TC: Well, I don’t plan to, but I’ll probably have to when I get really old. I’ll probably have to go a play COPS or something. I come from a theatre family and my wife is an actress. Everybody in my family is involved in the theatre in one way or another, so it’ll always be a big part of my life. I’ve directed quite recently, that’s more of what I think I would go back to in the theatre. I’m not interested in film and television as an art form particularly. It’s not an actor’s art form, it’s a technician’s art form and it doesn’t interest me. Theatre is something I think I would get involved with again, but it’s a scary world the theatre. You have to know all those lines and be sober and show up at the same time every night, so you can put on a costume.
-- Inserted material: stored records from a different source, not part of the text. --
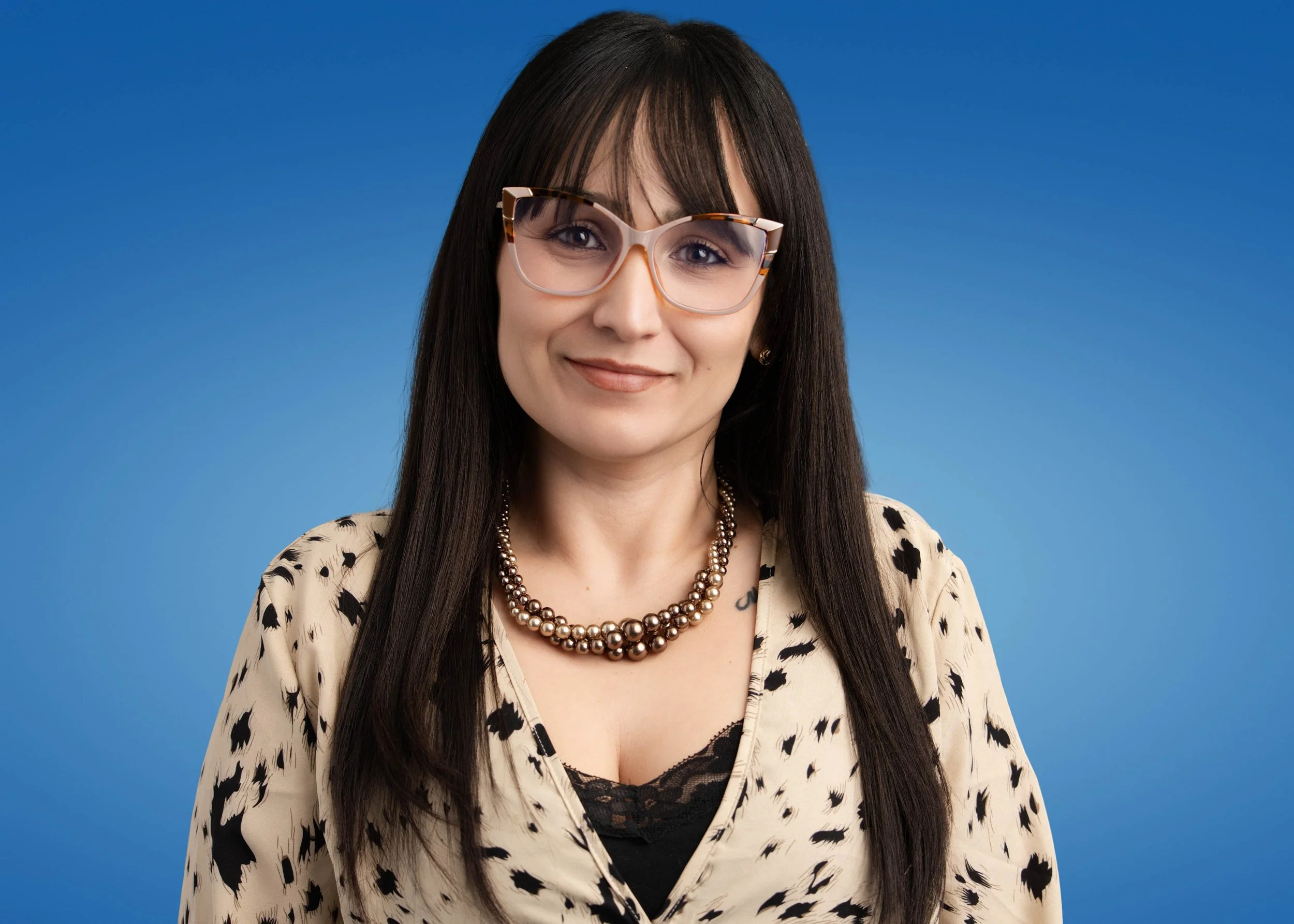 A woman with long dark hair, wearing glasses with a tortoise shell pattern, a pearl necklace, and a beige blouse with black print, smiling against a solid blue background.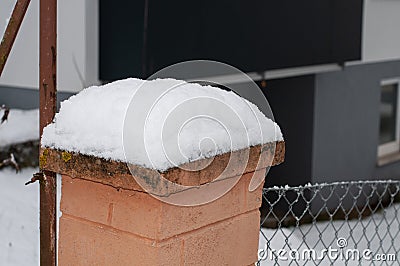 A fence post with snow at a metal fence Stock Photo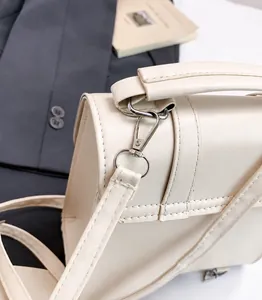 Close-up of premium silver buckle and precision stitching on beige PU leather handbag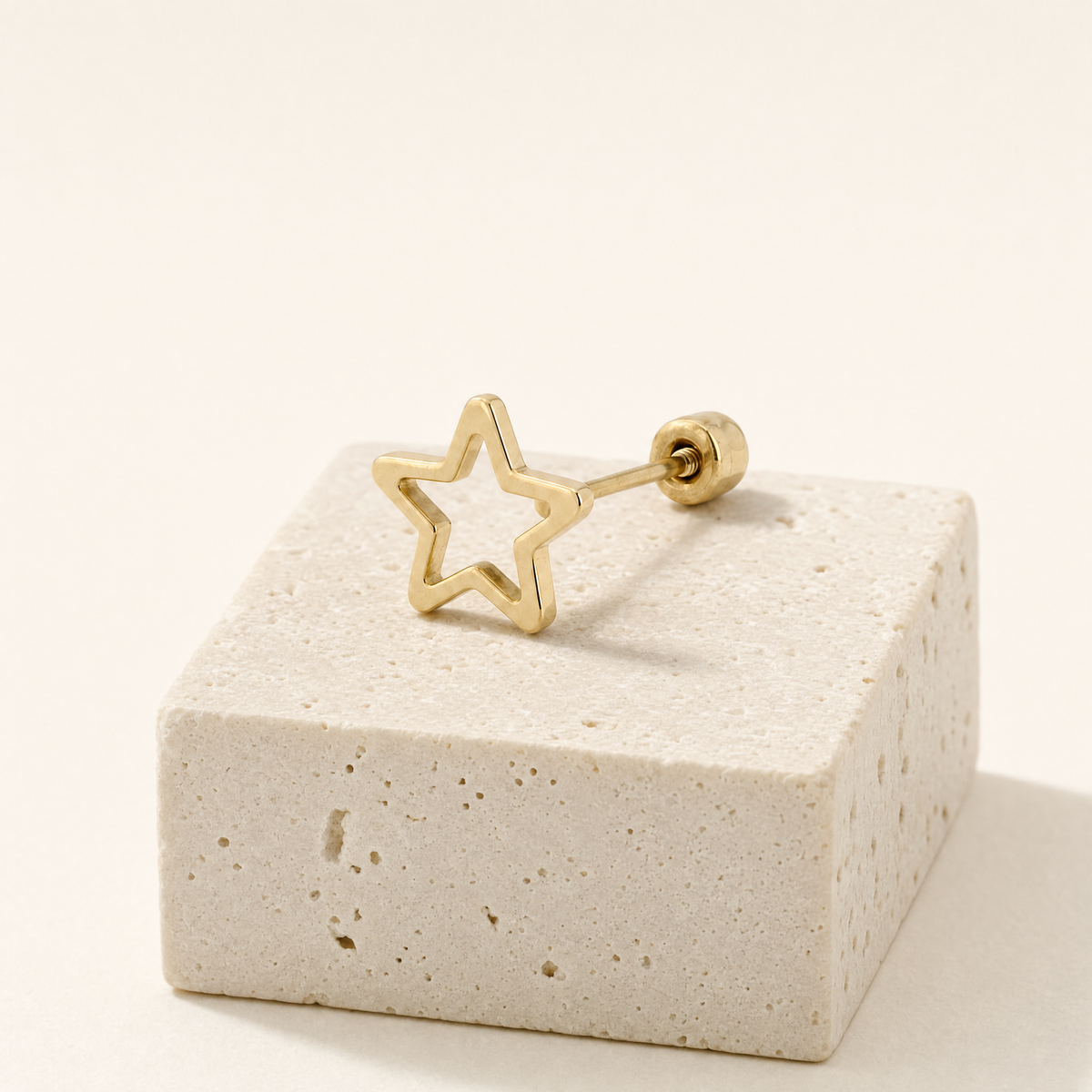 Broquel silueta estrella de oro 10k, una pieza sobre piedra clara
The fifth wall is up, you know and you can’t let that fifth wall drop. Now that I’ve experienced what it’s like to let that fifth wall drop down and have a direct relationship with the audience, I’m not sure I could go back to pretending again. It would be very challenging for me, for sure. It’s a spooky job and you can’t talk about whether it’s a spooky job to actors either because they are spooked. They know it’s spooky and they are trying to not think about how hard it is. My wife is playing two huge parts and she’s doing 8 shows a week and sometimes she does two shows a day, you know. There’s a lot of obligations that an actor has to detect in the story, but as a rock and roll musician you can just let go. If I want to stop in the middle of my song, it’s my song, so who’s going to tell me if I want to change the words or the melody line that it’s wrong, nobody. As an actor though, you are working within a framework that someone else has set up.

CoS: Does your involvement in Broken Social Scene ever interfere with you work for Stars?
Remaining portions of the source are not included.